I stood up and led her to the couch. She reclined into the pillows with her right leg on the couch and her left foot on the floor—spread wide open. Hers was one of the first closely trimmed pussies I’d seen in person. Her lips were very full and clearly visible with her black bush trimmed nice and tight. They were so dark brown they almost looked purple. I ran my tongue through the deep furrow between her wet pussy lips. After nibbling away at her for a few minutes Angelina was fuller than any I’ve ever seen to this day. I slid two fingers into her and started to work her cunt hard and fast while tonguing around her clit. When she put her hands in my hair and pulled me into her I started sucking on her clit. Patti Austin had finished side one a long while and I was still eating her out. She was on fire-- her ankles locked behind me-- her hips bucking as she pushed into my face with her soaked cunt. I have no idea how many times she got off but when I was finally worn out after nearly an hour at her house she was glistening everywhere and obviously spent. I really wanted to fuck her until she passed out but I was going to be late for an appointment if I didn’t get going. Angelina threw her clothes on and backed her BMW out so I could go. She waved and ran into her house.

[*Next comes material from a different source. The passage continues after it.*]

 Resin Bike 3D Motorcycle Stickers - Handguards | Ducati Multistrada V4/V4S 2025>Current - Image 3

At 6PM I was supposed to be at a watering hole near the office with my boss. He loved going there because the waitresses were all sweet little babydolls and their uniform was white hotpants, bright colored tight tops, and white go-go boots. It was barely the 80’s and this place was still kinda in the 70’s—but in a cool way. In those days I was rockin’ a nice, big, dark moustache. Now some thought it was like Burt Reynolds. I thought the comparison to the brand new TV character, Magnum PI was better. (My “friends” thought I resembled the Frito Bandito. Bastards.) On the way over to the bar I had bought a can of 7 Up when I got gas for my plush ride. When I took the second sip of my drink I smelled Angelina’s pussy as if it was right back in front of me. Fuck. Her pussy juice was in my super cool moustache and the 7 Up had brought the scent back to life. I ran my tongue over it and wiped the Magnum ‘stache before going inside the dark bar. I sat down with my boss and ordered a gin and tonic.
“What happened to you today?” boss said with his usual grin.

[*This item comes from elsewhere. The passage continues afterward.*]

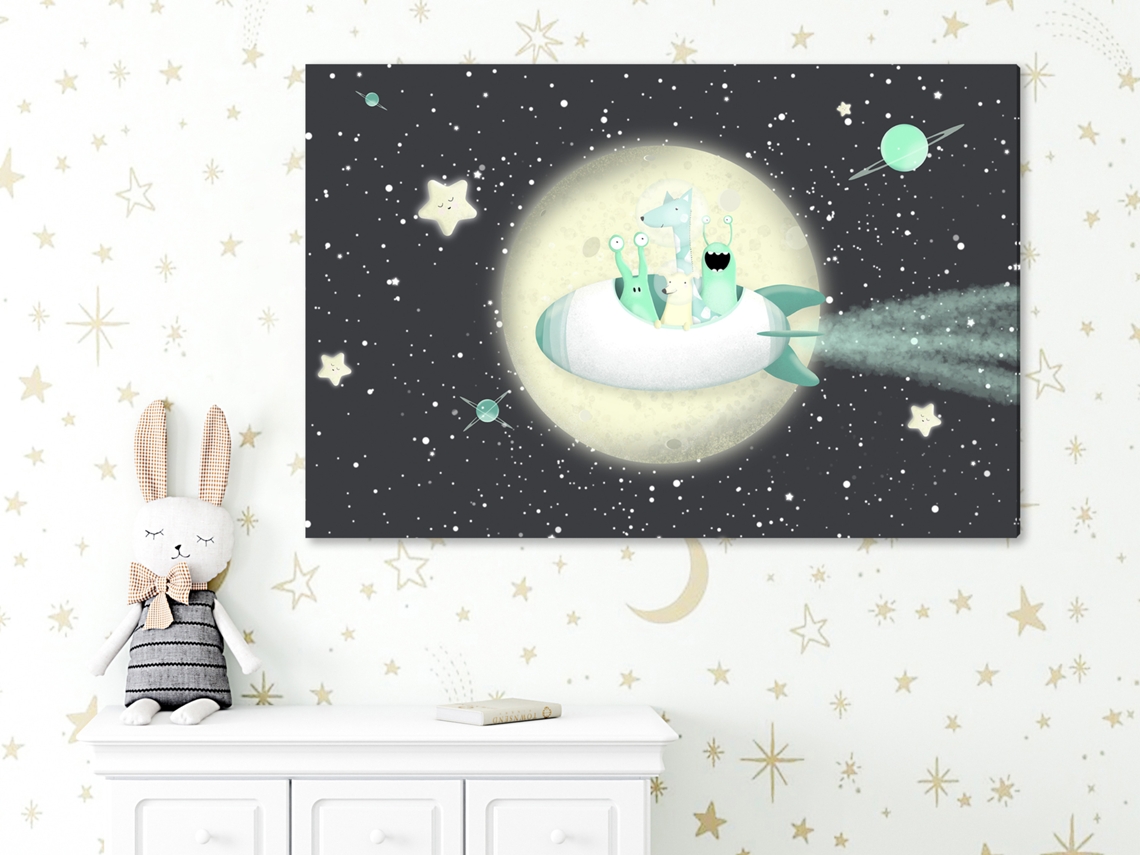 Quadro ARTGEIST Rocket Crew (1 Part) Wide (90x60)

“Accounts or pussy?” I said.
“Save the account shit for tomorrow morning.”
“I ate some great pussy for lunch today,” I said.
“You can’t expense that,” he said.
“It was free,” I said.
“You’ll find there’s no such thing,” he said.
“Now, tell me all about it,” boss said, “Kendra?”
I just smiled.
“You motherfucker. Not Kendra? You motherfucker!”
I took a drink of my gin and tonic.
“Spill it all. Right now.”
My boss was grinning with anticipation but my lips were sealed.